TRY IT » The answer must be an exact copy of the lines from the one containing "Used 2022 White Kia LX image 14" through the end of the records, with the pictures left out.
(DATASET begins)
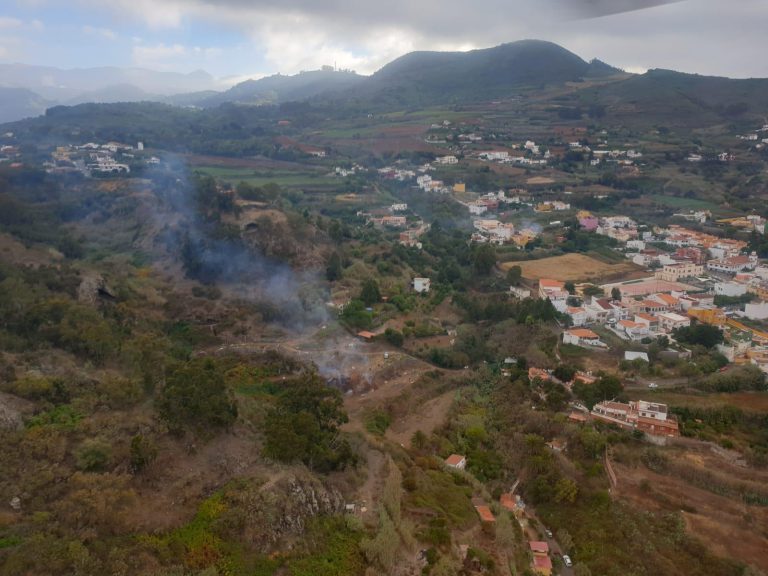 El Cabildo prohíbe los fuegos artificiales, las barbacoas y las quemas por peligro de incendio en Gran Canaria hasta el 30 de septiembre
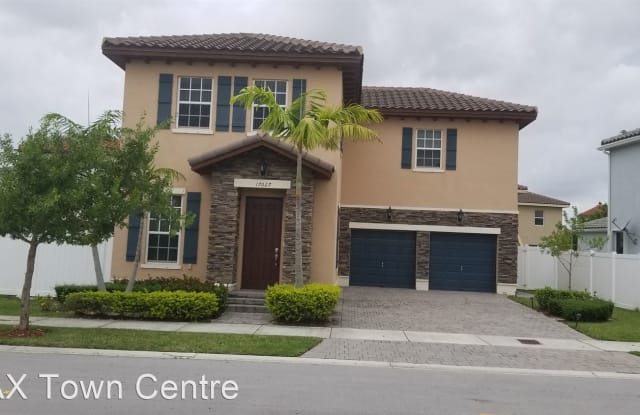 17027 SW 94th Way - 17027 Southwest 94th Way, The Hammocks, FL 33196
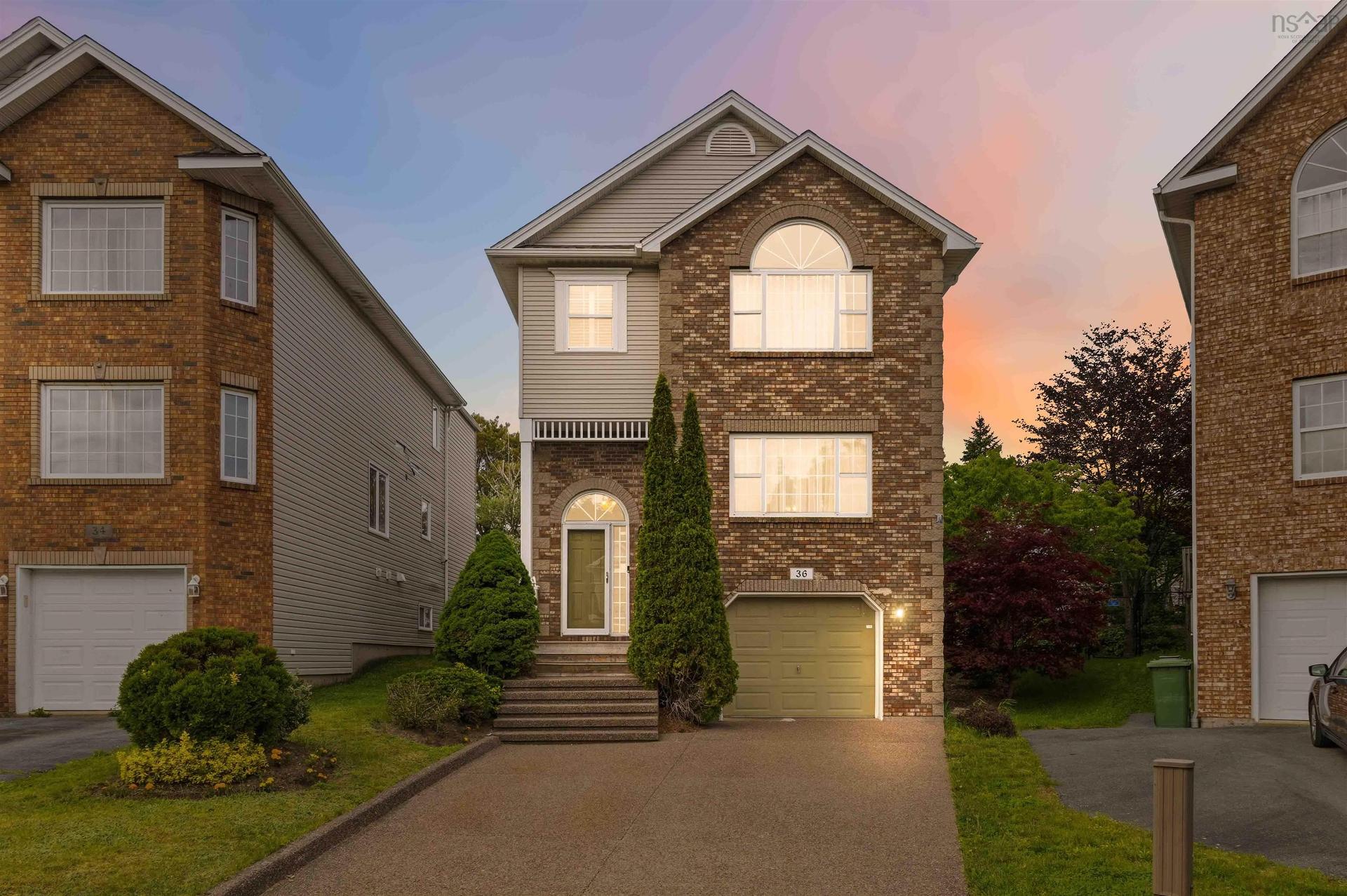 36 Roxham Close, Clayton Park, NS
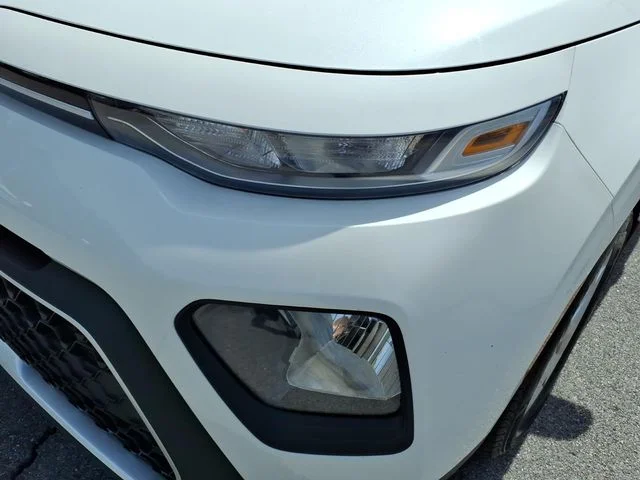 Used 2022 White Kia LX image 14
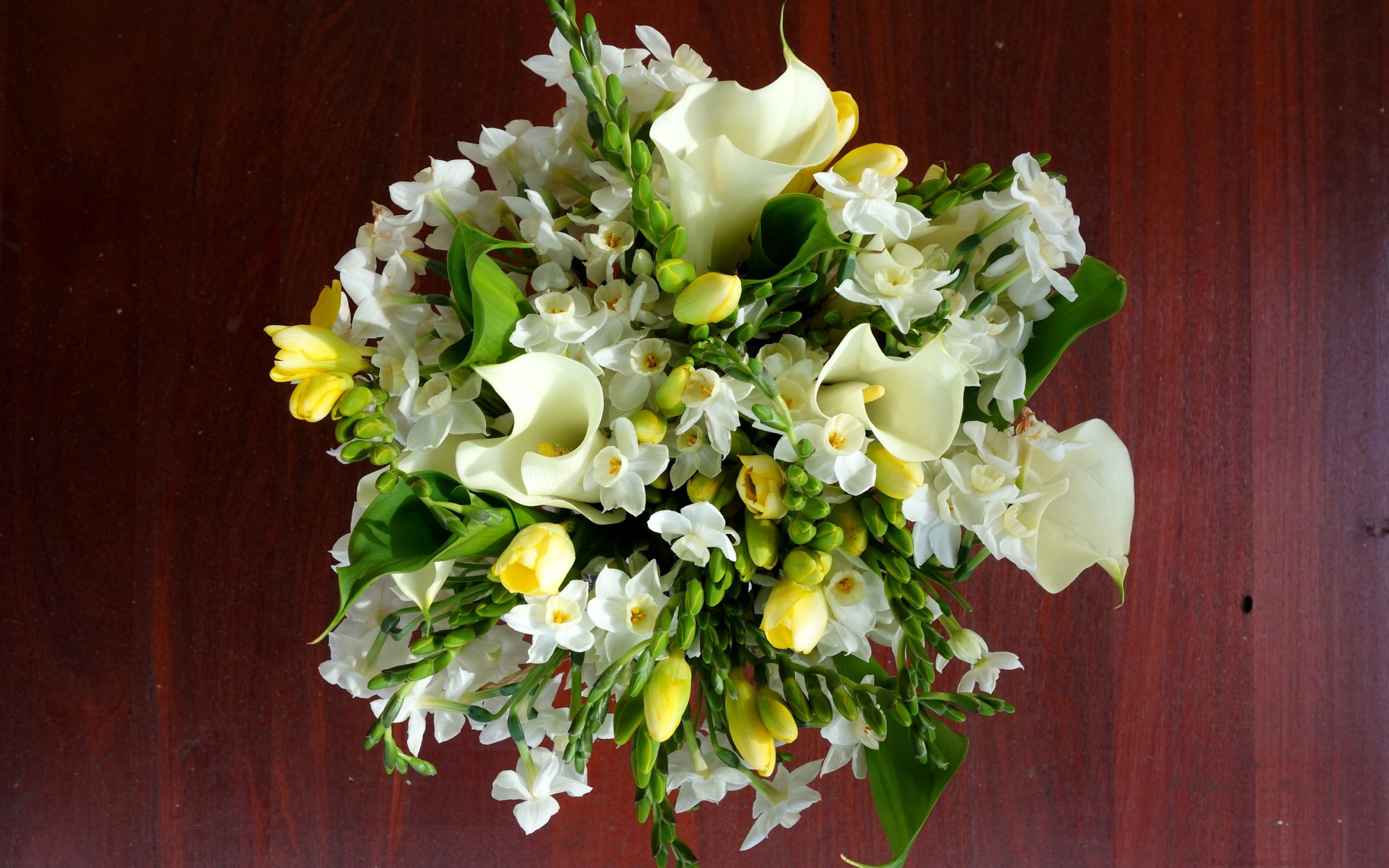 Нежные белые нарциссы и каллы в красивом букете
(DATASET ends)
YOUR RESPONSE »
 Used 2022 White Kia LX image 14
 Нежные белые нарциссы и каллы в красивом букете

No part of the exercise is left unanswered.